Top of Source material

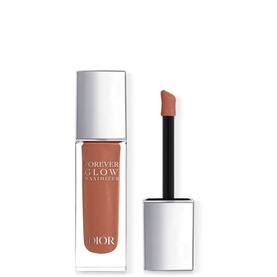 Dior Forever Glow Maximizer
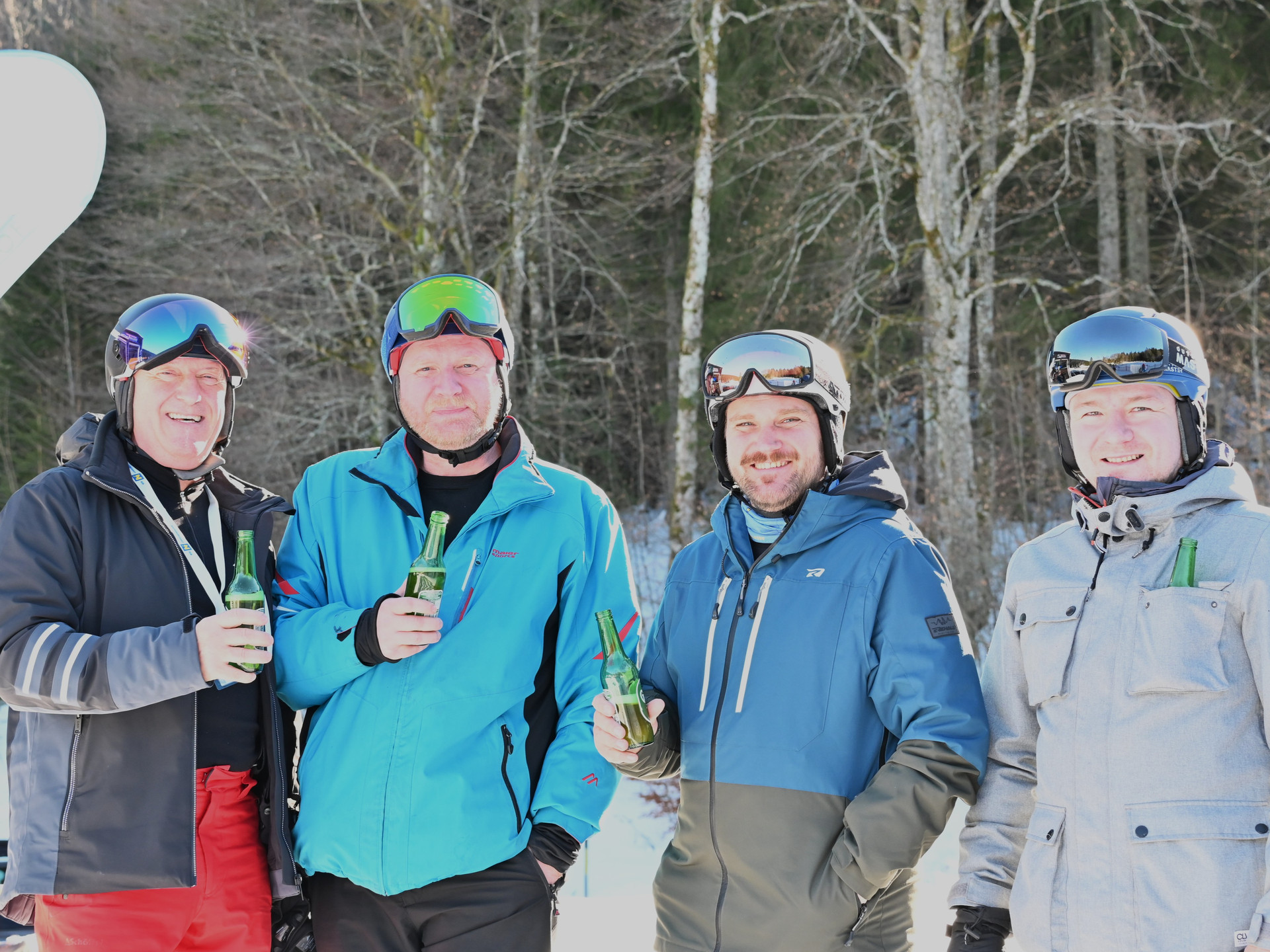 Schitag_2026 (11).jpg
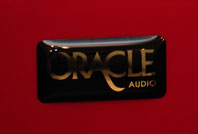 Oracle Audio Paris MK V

Bottom of Source material
Top of Source material

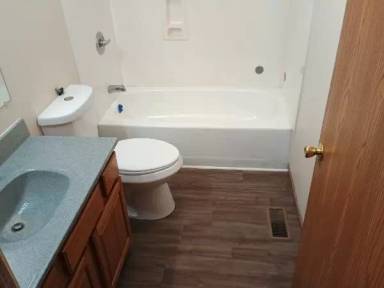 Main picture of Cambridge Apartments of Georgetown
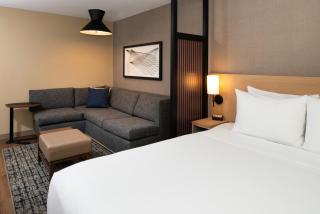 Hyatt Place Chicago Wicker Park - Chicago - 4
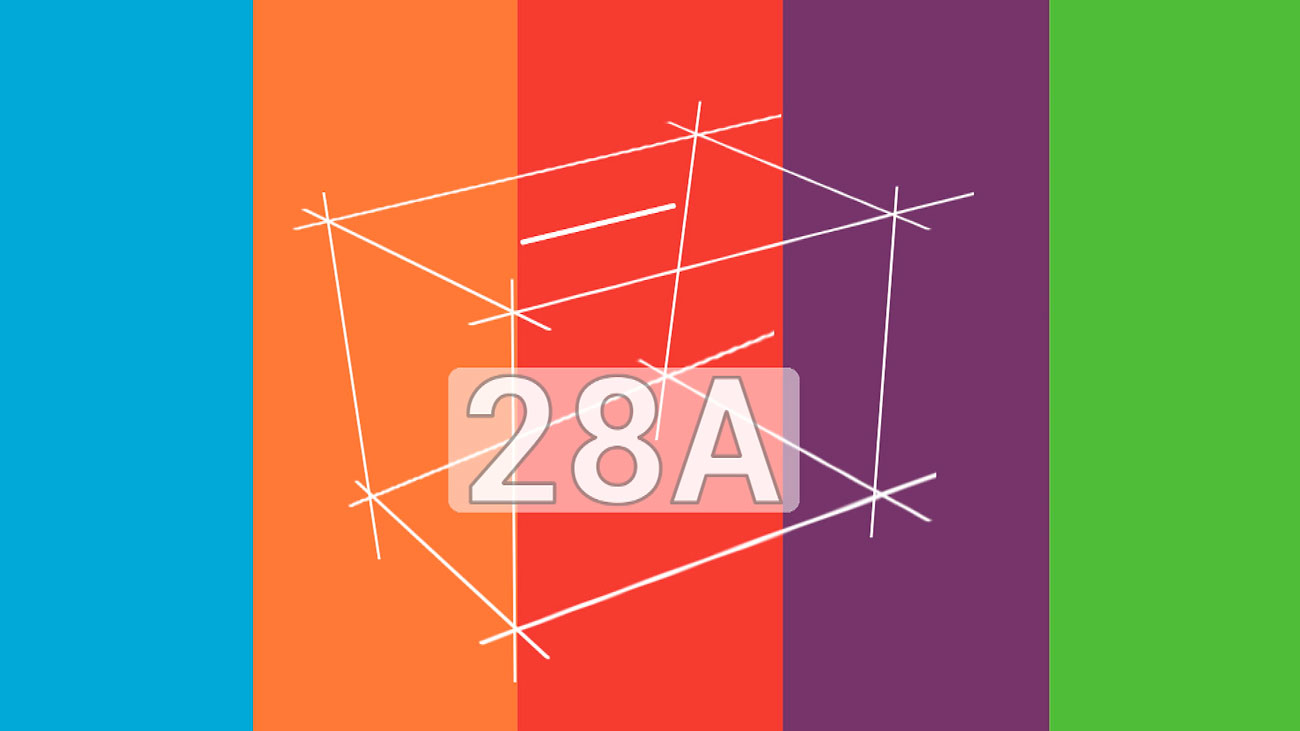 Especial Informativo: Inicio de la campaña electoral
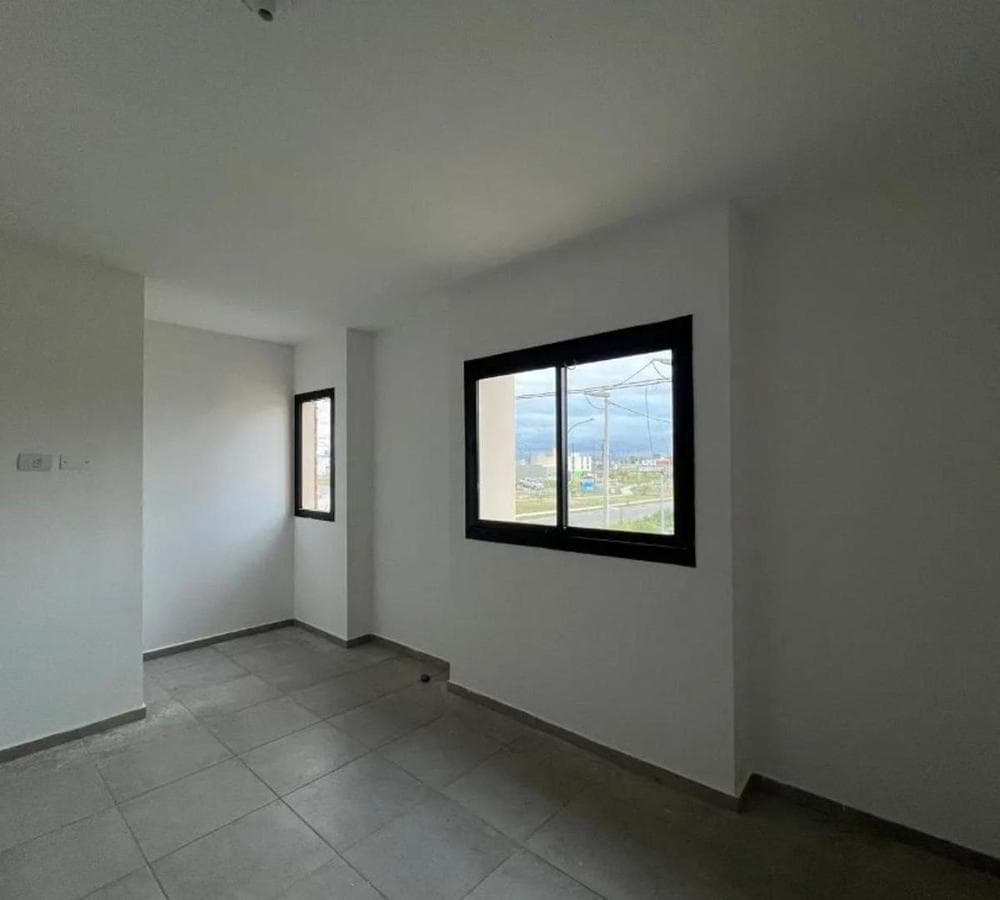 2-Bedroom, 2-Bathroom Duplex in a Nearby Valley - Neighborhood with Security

Bottom of Source material
Top of Source material

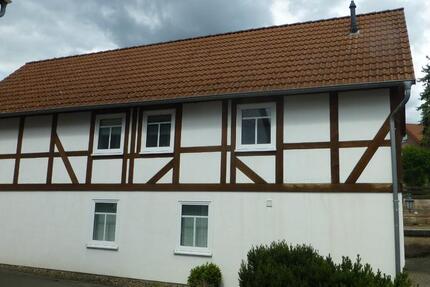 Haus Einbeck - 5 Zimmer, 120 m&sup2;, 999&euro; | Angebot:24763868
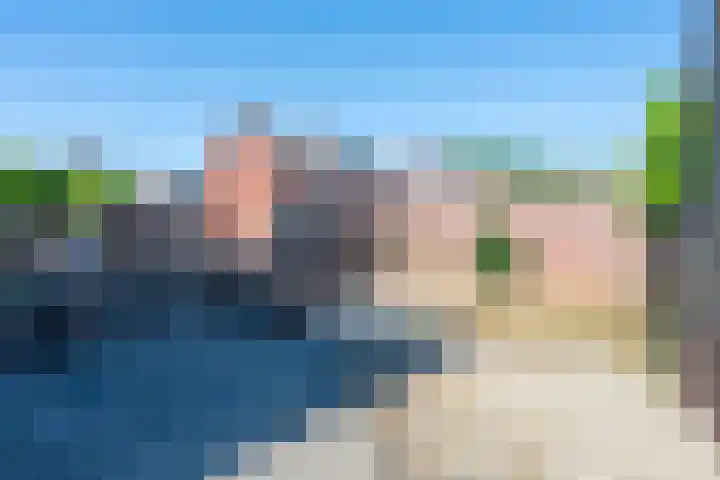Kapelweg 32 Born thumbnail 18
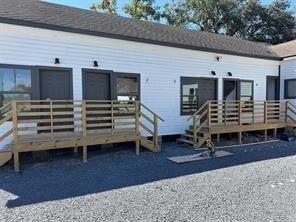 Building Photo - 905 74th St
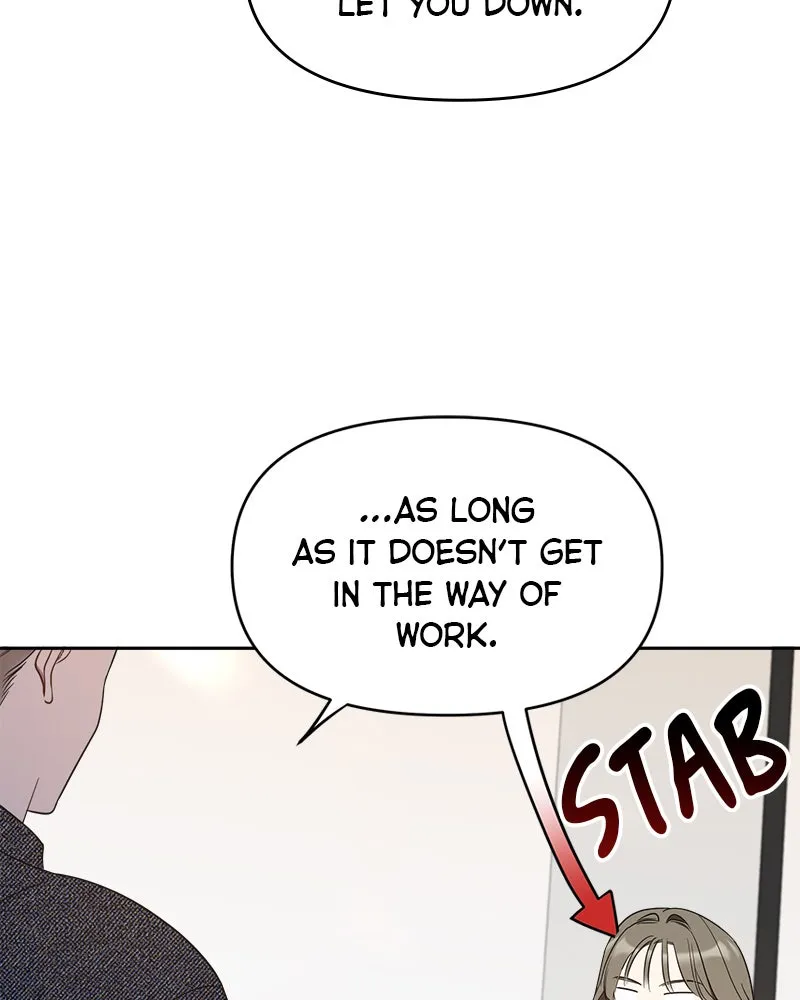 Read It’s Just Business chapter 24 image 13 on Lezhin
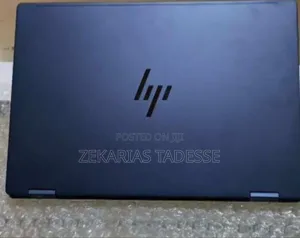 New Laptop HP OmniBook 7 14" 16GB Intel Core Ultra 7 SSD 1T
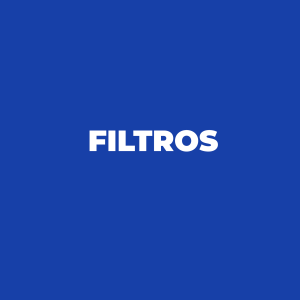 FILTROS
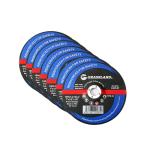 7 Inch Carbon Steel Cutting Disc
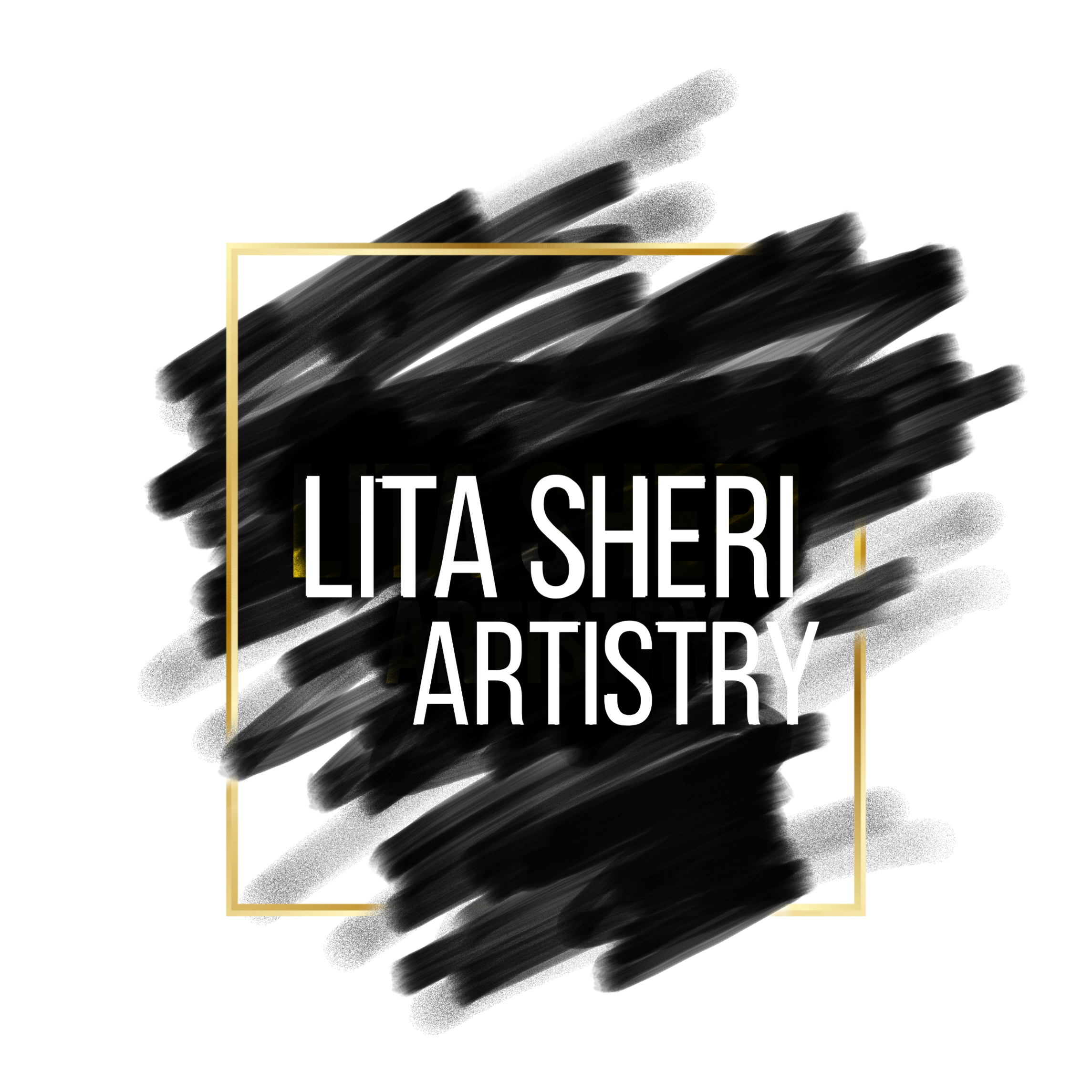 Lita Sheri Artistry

Bottom of Source material

## What you are asked to do:
Look above for the line with "Dior Forever Glow Maximizer" and the line with "Oracle Audio Paris MK V", then copy exactly the lines from the first through the second, both kept, with no pictures.

## Output:
 Dior Forever Glow Maximizer
 Schitag_2026 (11).jpg
 Oracle Audio Paris MK V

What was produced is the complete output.